Proklamator Mohammad Hatta
memberikan teladan soal kesederhanaan. Hatta mengajarkan menjadi pria
terhormat tidak harus menjadi orang kaya. Hatta juga mencontohkan
perilaku jujur dan menghindari korupsi. Sesuatu yang sangat langka saat
ini.
Setelah kemerdekaan dan jatuh bangun kabinet, Dwitunggal Soekarno-Hatta tidak berjalan seiring lagi. Mohammad Hatta
memilih pensiun dari jabatannya sebagai wakil presiden tahun 1956.
Hatta kecewa melihat Soekarno yang makin otoriter. Dia memilih mundur,
berada di luar pemerintahan dan mengkritik kebijakan pemerintah lewat
tulisan-tulisannya yang berani.
Hatta bukan orang kaya. Gajinya
sebagai wakil presiden selalu habis digunakan untuk membeli buku.

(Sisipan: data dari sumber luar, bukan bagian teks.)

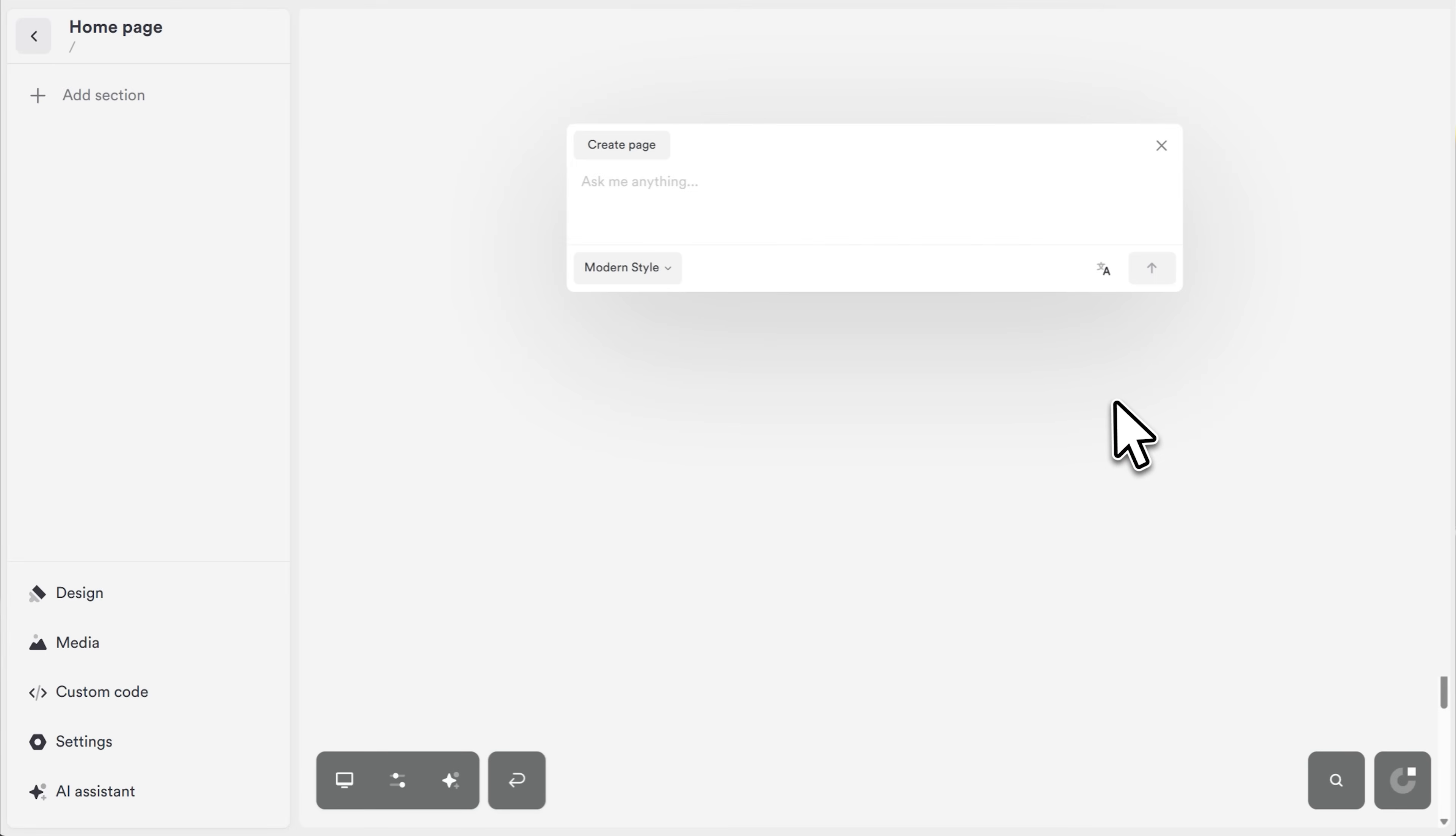You write a simple prompt describing what you want. Now, this is important. The best prompts are short and clear. Something like travel nest, slow travel made simple, goal, plan your next trip. That's it. One sentence.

Dia
juga tidak pernah mau main ambil uang yang bukan haknya. Hatta pernah
menyuruh asistennya mengembalikan dana taktis wakil presiden sebesar Rp
25 ribu. Padahal jika tidak dikembalikan pun tidak apa-apa. Dana taktis
itu tidak perlu dipertanggungjawabkan. Tapi Hatta orang jujur yang punya
kehormatan.
Hatta, istri dan tiga anaknya tinggal di Jl
Diponegoro 57. Hatta menolak semua jabatan komisaris baik dari
perusahaan nasional maupun perusahaan asing. Dia merasa tidak bisa
bertanggung jawab pada rakyat jika mengambil jabatan itu.
Seperti
diketahui, jabatan komisaris perusahaan ini biasanya merupakan jatah
pejabat yang pensiun. Tanpa perlu kerja, setiap bulannya para pejabat
ini akan mendapatkan gaji buta. Karena itulah Hatta menolak.
Hatta
mendapat uang pensiun sebesar Rp 3.000. Jumlah itu terbilang kecil.

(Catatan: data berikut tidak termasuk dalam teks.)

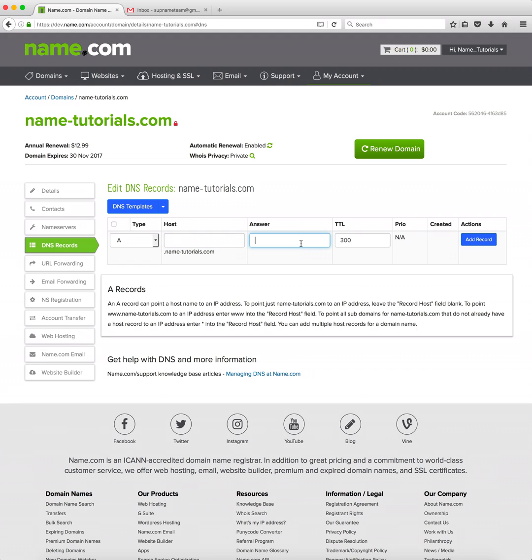For the answer we'll apply our host IP address and your hosting provider will be able to provide this to you. We'll leave the TTL or time to live at 300 seconds then we'll click add record.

Hatta pun terengah-engah membayar tagihan listrik rumahnya. Istri Hatta,
Rachmi Rahim tak mampu membeli mesin jahit idamannya. Hatta pun hanya
bisa menyuruh Rachmi bersabar dan menabung lagi.
Yang paling
menyedihkan soal Hatta mungkin sepatu Bally. Hatta tak juga kunjung
mampu membeli sepatu Bally hingga akhir hayatnya. Tahun 1980, iklan
sepatu Bally ini masih tersimpan rapi dalam tumpukan arsipnya.
Tak malukah para pejabat korup itu membaca kisah Mohammad Hatta?